Task details: Leave the pictures out and write out the rest of the listing word for word.

Provided data:
____________________
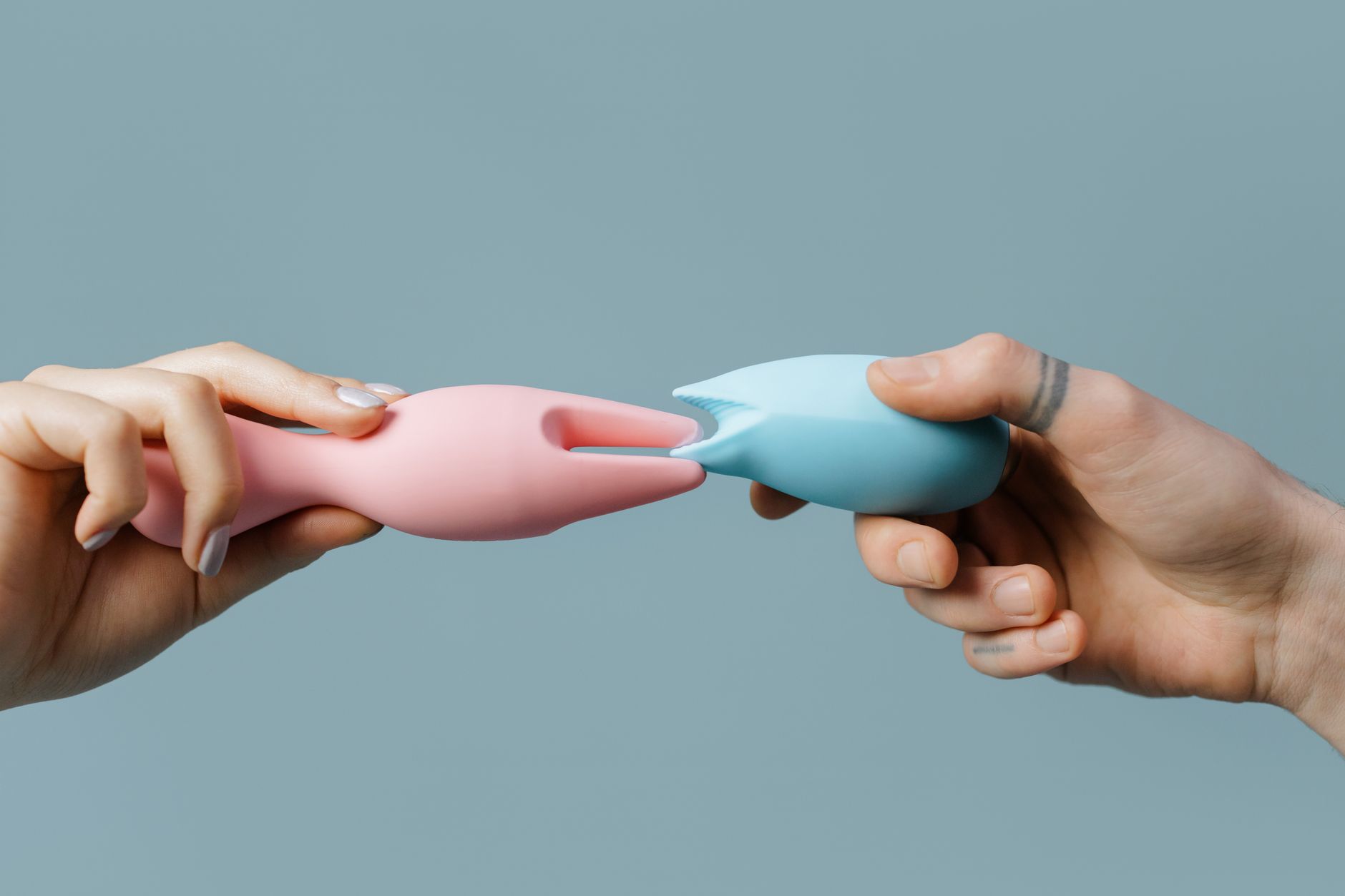 Hands holding pastel-colored silicone vibrators and adult toys for pleasure and intimacy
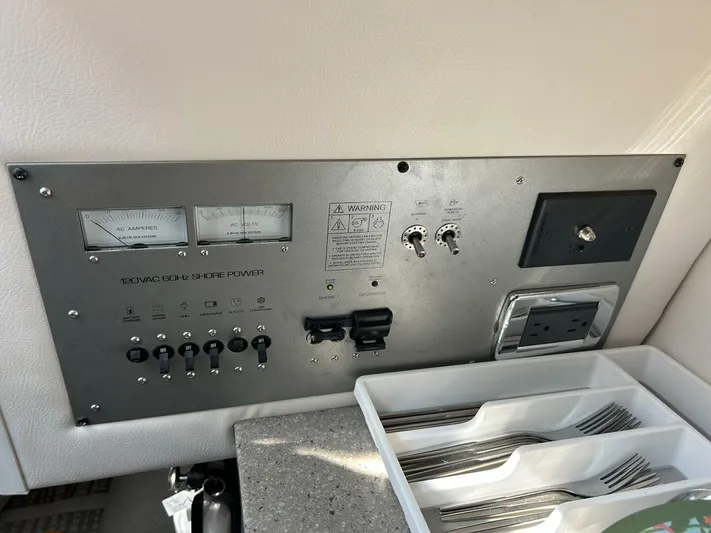  Yacht Photos Pics Control panel of a 2017 Four Winns H350 boat with electrical switches and utensil tray.
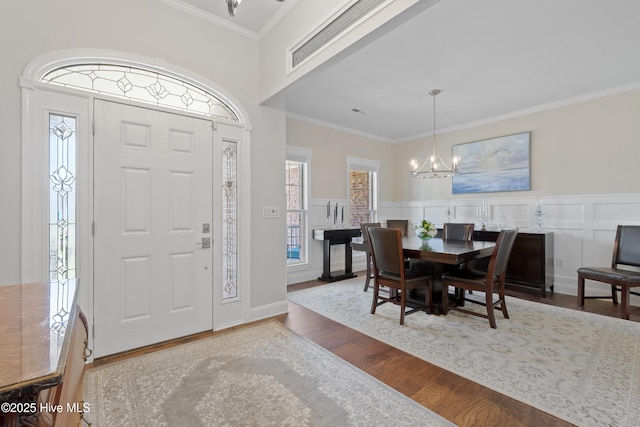 entrance foyer with a wealth of natural light, a notable chandelier, ornamental molding, and wood finished floors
____________________
Output for this exercise:
 Hands holding pastel-colored silicone vibrators and adult toys for pleasure and intimacy
  Yacht Photos Pics Control panel of a 2017 Four Winns H350 boat with electrical switches and utensil tray.
 entrance foyer with a wealth of natural light, a notable chandelier, ornamental molding, and wood finished floors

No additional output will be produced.